For those kind-hearted omnivores who willingly invite feral vegetarians into their homes for dinner parties and barbecues (really! we do that, too!), the same rule applies—but also know that unless you’re dealing with an herbivore who is a prick for unrelated reasons, we don’t expect you to bend over backward for us. In fact, if we get the sense that you cooked for three extra hours to accommodate our dietary preferences, we will marvel at your considerate nature, but we will also feel insanely guilty. Similarly, it’s very thoughtful of you to ask whether it’ll bother me if I see you eat meat, but don’t worry: I’m not going to compose an epic poem about your club sandwich.

Which leads me to a vital point for friendly omnivore-herbivore relations. As you’re enjoying that pork loin next to me, I am not silently judging you. I realize that anyone who has encountered the breed of smug vegetarian who says things like, “I can hear your lunch screaming,” will find this tough to believe, but I’m honestly not out to convert you. My girlfriend and my closest pals all eat meat, and they’ll affirm that I’ve never even raised an eyebrow about it.

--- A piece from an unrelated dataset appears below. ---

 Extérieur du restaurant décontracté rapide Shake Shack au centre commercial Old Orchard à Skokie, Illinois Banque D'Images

Now, do I think it strange that the same people who dress their dogs in berets and send them to day spas are often unfazed that an equally smart pig suffered and died to become their McMuffin? Yes, I do. (Or, to use a more pressing example, how many Americans will bemoan Eight Belles’ fatal Kentucky Derby injury tonight at the dinner table between bites of beef?) Would I prefer it if we at least raised these animals humanely? Yes, I would.

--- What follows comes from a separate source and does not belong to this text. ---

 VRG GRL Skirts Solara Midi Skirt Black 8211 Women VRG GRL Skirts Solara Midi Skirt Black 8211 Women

Let’s be honest, though: I’m not exactly St. Francis of Assisi over here, tenderly ministering to every chipmunk that crosses my path. I try to represent for the animal kingdom, but take a look at my shoes—they’re made of leather, which, I am told by those with expert knowledge of the tanning process, comes from dead cows. This is the sort of revelation that prompts meat boosters to pick up the triumphant lamb shank once again and accuse us of hypocrisy. Well, sort of. (Hey, you try to find a pair of nonleather dress shoes.) My dedication to the cause might be incomplete, but I’d still say that doing something beats doing nothing. It’s kind of like driving a hybrid: not a solution to the global-warming dilemma but a decent start. Let’s just say that at the dinner table, I roll in a Prius.

Finally, grant me one more cordial request: Please don’t try to convince us that being vegetarian is somehow wrong. If you’re concerned for my health, that’s very nice, though you can rest assured that I’m in shipshape. If you want to have an amiable tête-à-tête about vegetarianism, that’s great. But if you insist on being the aggressive blowhard who takes meatlessness as a personal insult and rails about what fools we all are, you’re only going to persuade me that you’re a dickhead. When someone says he’s Catholic, you probably don’t start the stump speech about how God is a lie created to enslave the ignorant masses, and it’s equally offensive to berate an herbivore. I know you think we’re crazy. That’s neat. But seeing as I’ve endured the hassle of being a vegetarian for several years now, perhaps I’ve given this a little thought. So let’s just agree to disagree and get on with making fun of Hillary Clinton’s inability to operate a coffee machine.

Because, really, peace and understanding are what it’s all about: your porterhouse and my portobello coexisting in perfect harmony—though preferably not touching. We’re actually not so different, after all, my omnivorous chums. In fact, I like to think that when an omnivore looks in the mirror, he just sees a vegetarian who happens to eat meat. Or, no, wait, maybe the mirror sees the omnivore through the prism of flesh and realizes we all have a crystalline animal soul, you know?

This is excellent weed, by the way, if you want a hit. Hey, while you’re here: Have I ever told you about hemp?